Steps to apply filter to Spark RDD
To apply filter to Spark RDD,
- Create a Filter Function to be applied on an RDD.
- Use RDD<T>.filter() method with filter function passed as argument to it. The filter() method returns RDD<T> with elements filtered as per the function provided to it.
Spark – RDD.filter() – Java Example
In this example, we will take an RDD with integers, and filter them using RDD.filter() method.
FilterRDD.java
import java.util.Arrays;
import java.util.List;
import org.apache.spark.SparkConf;
import org.apache.spark.api.java.JavaRDD;
import org.apache.spark.api.java.JavaSparkContext;
import org.apache.spark.api.java.function.Function;
public class FilterRDD {
public static void main(String[] args) {
// configure spark
SparkConf sparkConf = new SparkConf().setAppName("Spark RDD Filter")
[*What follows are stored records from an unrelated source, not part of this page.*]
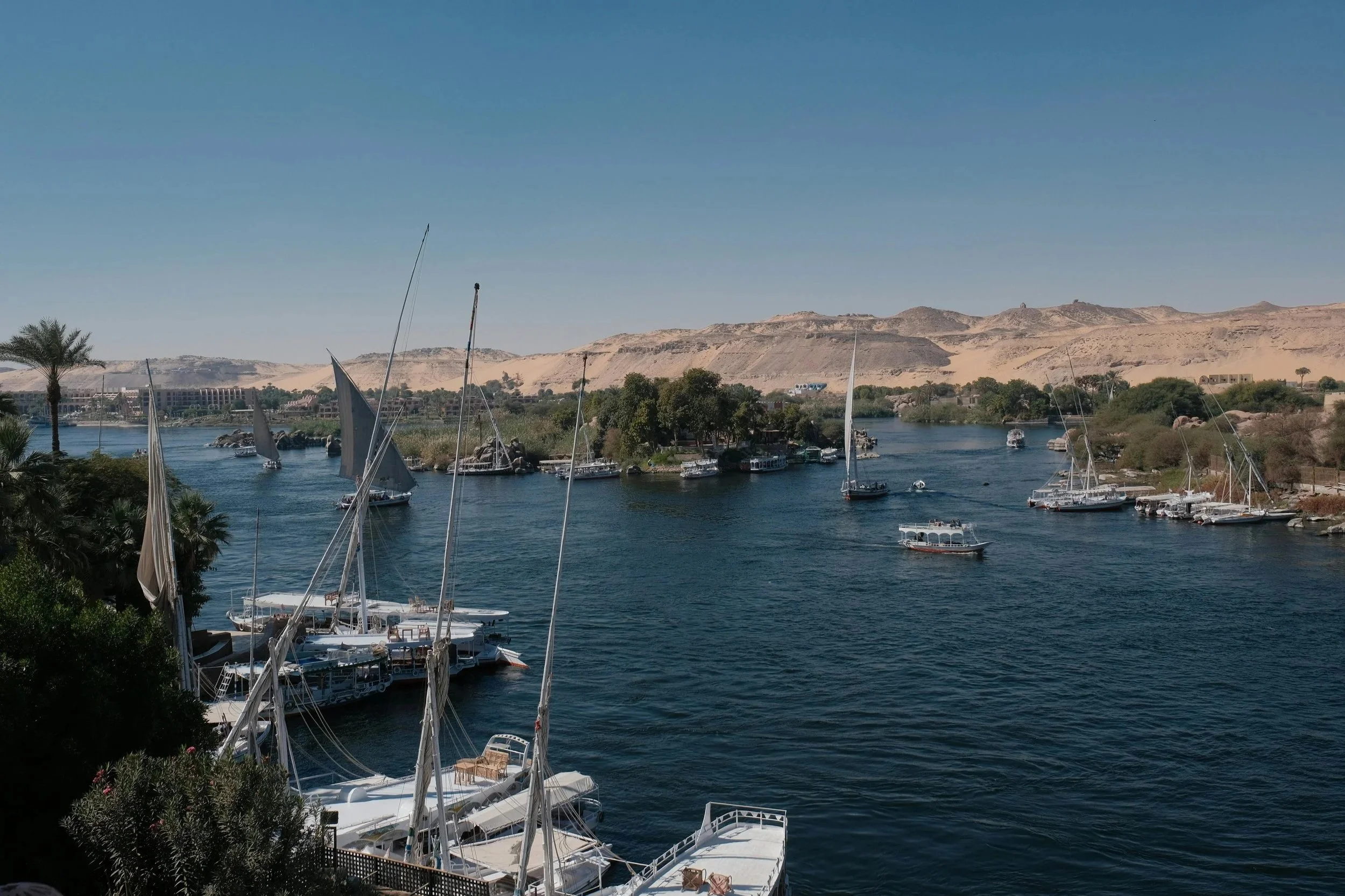 A river scene with boats and sailboats docked along the shore, surrounded by trees and desert hills in the background.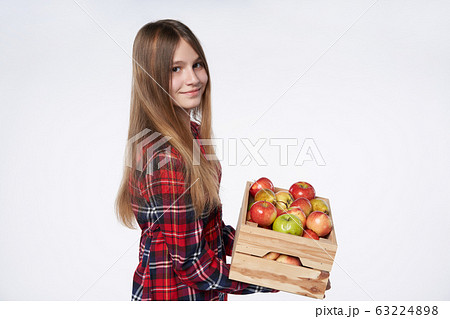Teen girl with apples and pears in a box Teen girl with apples and pears in a box 63224898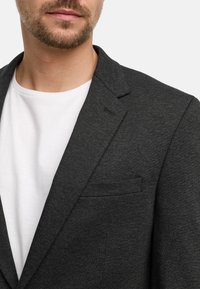Mørk grå blazer laget av teksturert stoff, med knappede reverser og en enkelt brystlomme. Kombinert med en hvit T-skjorte under.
.setMaster("local[2]").set("spark.executor.memory","2g");
// start a spark context
JavaSparkContext sc = new JavaSparkContext(sparkConf);
// read list to RDD
List<Integer> data = Arrays.asList(1, 2, 3, 4, 5, 6, 7, 8, 9, 10);
JavaRDD<Integer> rdd = sc.parallelize(data,1);
// filter : where the number (rdd element) is exactly divisible by 3
Function<Integer, Boolean> filter = k -> ( k % 3 == 0);
// apply filter on rdd with filter passed as argument
JavaRDD<Integer> rddf = rdd.filter(filter);
// print the filtered rdd
rddf.foreach(element -> {
System.out.println(element);
});
sc.close();
}
}
Output
3
6
9
Spark – RDD.filter() – Filter RDD with Tuples
In this example, we will take an RDD with Tuples as elements. We will filter this RDD using filter method. We will filter the elements based on condition that the length of string, which is second element in tuple, is equal to 5.
FilterRDD.java
import java.util.Arrays;
import java.util.List;
import org.apache.spark.SparkConf;
import org.apache.spark.api.java.JavaPairRDD;
import org.apache.spark.api.java.JavaRDD;
import org.apache.spark.api.java.JavaSparkContext;
import org.apache.spark.api.java.function.Function;
import org.apache.spark.api.java.function.VoidFunction;
import scala.Tuple2;
public class FilterRDD {
public static void main(String[] args) {
// configure spark
SparkConf sparkConf = new SparkConf().setAppName("Spark RDD filter")
.setMaster("local[2]")
.set("spark.executor.memory", "2g");
// start a spark context
JavaSparkContext sc = new JavaSparkContext(sparkConf);
// read list to RDD
List<String> data = Arrays.asList("Learn", "Apache", "Spark", "with", "Tutorial Kart");
JavaRDD<String> words = sc.parallelize(data, 1);
// map each word to -> (word, word length)
JavaPairRDD<String, Integer> wordsRDD = words.mapToPair(s -> new Tuple2<>(s, s.length()));
// filter : where the second element in tuple is equal to 5. (i.e., word length == 5)
Function<Tuple2<String, Integer>, Boolean> filterFunction = w -> (w._2 == 5);
// apply the filter on wordsRDD
JavaPairRDD<String, Integer> rddf = wordsRDD.filter(filterFunction);
// print filtered rdd
rddf.foreach(item -> {
System.out.println(item);
});
sc.close();
}
}
Output
(Learn,5)
(Spark,5)
Conclusion
In this Spark Tutorial – Spark RDD.filter(), we have learnt to filter elements of Spark RDD with example programs.